> **EXERCISE INSTRUCTIONS**: In the records below, find the line containing "Währenddessen hat Carlos" and restate it and all lines after it exactly, through the last line.

> **DATA SHOWN**:
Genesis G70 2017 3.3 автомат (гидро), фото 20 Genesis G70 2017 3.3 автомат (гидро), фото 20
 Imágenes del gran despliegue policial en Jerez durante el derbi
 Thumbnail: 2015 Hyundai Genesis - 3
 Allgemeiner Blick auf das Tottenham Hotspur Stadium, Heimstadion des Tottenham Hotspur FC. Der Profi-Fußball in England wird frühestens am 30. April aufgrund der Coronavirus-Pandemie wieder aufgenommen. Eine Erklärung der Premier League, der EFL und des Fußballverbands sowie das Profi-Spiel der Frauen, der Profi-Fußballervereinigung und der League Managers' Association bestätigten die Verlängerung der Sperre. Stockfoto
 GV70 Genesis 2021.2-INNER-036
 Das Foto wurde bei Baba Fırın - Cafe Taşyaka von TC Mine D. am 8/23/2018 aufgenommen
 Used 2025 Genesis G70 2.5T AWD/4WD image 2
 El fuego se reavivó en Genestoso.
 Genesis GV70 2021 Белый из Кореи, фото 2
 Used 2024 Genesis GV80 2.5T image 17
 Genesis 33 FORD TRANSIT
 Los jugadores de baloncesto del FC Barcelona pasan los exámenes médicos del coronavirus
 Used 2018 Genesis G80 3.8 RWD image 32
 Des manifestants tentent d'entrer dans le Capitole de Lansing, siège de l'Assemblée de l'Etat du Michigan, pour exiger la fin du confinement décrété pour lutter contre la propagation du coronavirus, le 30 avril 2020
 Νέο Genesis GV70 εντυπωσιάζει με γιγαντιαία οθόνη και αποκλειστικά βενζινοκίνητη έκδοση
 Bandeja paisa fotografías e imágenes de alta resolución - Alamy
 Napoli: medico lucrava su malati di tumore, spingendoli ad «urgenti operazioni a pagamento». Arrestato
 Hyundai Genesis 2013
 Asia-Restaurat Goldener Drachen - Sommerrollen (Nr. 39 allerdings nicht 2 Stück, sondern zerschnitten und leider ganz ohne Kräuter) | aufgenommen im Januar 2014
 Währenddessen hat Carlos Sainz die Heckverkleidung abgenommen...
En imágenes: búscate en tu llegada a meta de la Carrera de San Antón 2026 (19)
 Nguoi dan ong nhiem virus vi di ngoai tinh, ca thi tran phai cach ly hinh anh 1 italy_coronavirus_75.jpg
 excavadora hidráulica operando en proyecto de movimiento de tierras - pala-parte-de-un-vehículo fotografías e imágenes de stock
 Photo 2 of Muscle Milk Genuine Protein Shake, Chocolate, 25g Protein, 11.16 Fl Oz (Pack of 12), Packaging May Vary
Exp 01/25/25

> **ANSWER SPACE**:
 Währenddessen hat Carlos Sainz die Heckverkleidung abgenommen...
En imágenes: búscate en tu llegada a meta de la Carrera de San Antón 2026 (19)
 Nguoi dan ong nhiem virus vi di ngoai tinh, ca thi tran phai cach ly hinh anh 1 italy_coronavirus_75.jpg
 excavadora hidráulica operando en proyecto de movimiento de tierras - pala-parte-de-un-vehículo fotografías e imágenes de stock
 Photo 2 of Muscle Milk Genuine Protein Shake, Chocolate, 25g Protein, 11.16 Fl Oz (Pack of 12), Packaging May Vary
Exp 01/25/25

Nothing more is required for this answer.